Die 5. Bieler Kommunikationstage widmeten sich diesmal der Entwicklung des Informations- und Kommunikationsmarktes Schweiz. Bis letzten Freitag diskutierten Fachleute aus Politik, Verwaltung, Wirtschaft, Medien und Werbung über die politischen und wirtschaftlichen Zukunftsaussichten der ICT-Branche, mit deutlich weniger Teilnehmenden als in den Vorjahren. Wolf Ludwig war für den Klein Report in Biel vor Ort.
Zur Eröffnung am Donnerstag mutmasste Bundesrat Hans-Rudolf Merz, dass der Schweizer Informations- und Kommunikationsmarkt seine Grenzen noch längst nicht erreicht habe. Er sprach von den Wechselwirkungen zwischen Informatik, Politik und Gesellschaft und zitierte eingangs eines der Standardwerke zur «Risikogesellschaft» von Ulrich Beck, der bereits 1986 feststellte: «Die Gestaltung der Zukunft findet versetzt und verschlüsselt nicht im Parlament, nicht in den politischen Parteien, sondern in den Forschungslabors und Vorstandsetagen statt.» In einem solchen Szenario beginne «die Nichtpolitik, die Führungsrolle der Politik zu übernehmen». Als Folge dessen werde «Politik zur öffentlich finanzierten Werbeagentur für die Sonnenseiten einer Entwicklung, die sie nicht kennt».

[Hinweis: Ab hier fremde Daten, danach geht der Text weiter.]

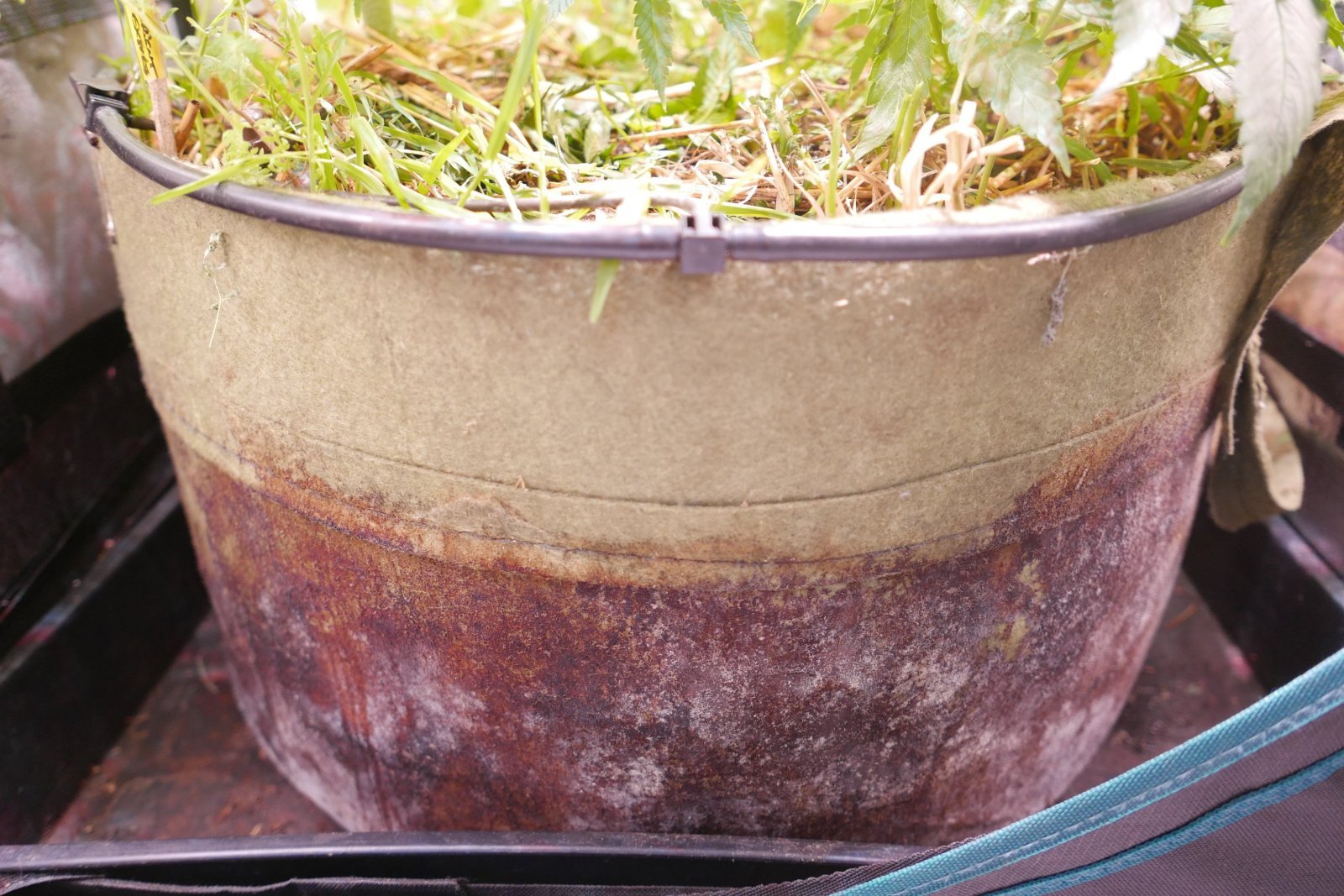 large_pot.JPG.e06447d4cd60b92fc93b81ca0a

Nach Einschätzung des Bundesrats ist «der Informations- und Kommunikationsmarkt in der Schweiz längst nicht ausgereizt». Vielmehr würden «Bedürfnisse, Verfahren, Anwendungen und Produkte weiterhin rasant wachsen». Die Perspektiven dieses Marktes, gibt sich Merz überzeugt, «sind im wahren Sinn fantastisch». Die Nutzung des Internets «mutiert vom Statischen ins Interaktive». Und daraus entstehen nach Überzeugung des Finanzministers «laufend neue Plattformen mit ungeahnten Möglichkeiten für den Internetnutzer». Der ICT-Branche attestiert er jedenfalls «glänzende Aussichten» - frei nach dem Orange-Slogan «the future is bright».
Weniger rosig sieht Merz indessen «die Frage nach der Rolle von Gesellschaft und Politik», denn «mit fast jedem Fortschritt sind auch Gefahren verbunden». Mit erhobenem «Warnfinger» sieht der Bundesrat jedoch «Schattierungen und verschiedene Strategien» jenseits der «Kapitulation durch Laisser-faire» oder jener «der Kapitulation durch Verbote». Solche Strategien seien jedoch «abhängig von ethischen und politischen Anforderungen, die wir an uns selber stellen». «Wo es Fortschritt gibt», warnt Merz, «gibt es auch Missbrauch», und nennt in diesem Zusammenhang das ganze Arsenal von «biometrischer Erkennung, Wanzen, GPS, Video-Überwachung» bis zur «gläsernen Welt». Zu den «Gefährdungssymptomen im Staat» zählt Hans-Rudolf Merz auch «die Bedeutung der Informatik». Denn «die ganze Logistik (Strom, Wasser, öffentlicher Verkehr) und grosse Teile des Verwaltungsapparates werden über Informatik und Datenbanken abgewickelt», konstatiert der Bundesrat.
In der Wirtschaft stehen gemäss Merz «weniger Viren und technische Pannen» im Vordergrund. Jedoch würden «die Schäden aus Wirtschaftsspionage durch Cybercrime weltweit jährlich auf 40 Milliarden Dollar geschätzt - diese Summe entspricht dem schweizerischen Bundeshaushalt». Unter seinen drei Schlussfolgerungen nannte er zunächst den «Wachstumsmarkt» ICT mit seinen «enormen Entwicklungstempi». Jedoch müsse die «Technokratie» ihren «Blick für Chancen und Gefahren in Gesellschaft und Staat schärfen». Dazu seien nach Auffassung des liberalen Bundesrats auch so «verpönte Begriffe wie Rahmenbedingungen» notwendig.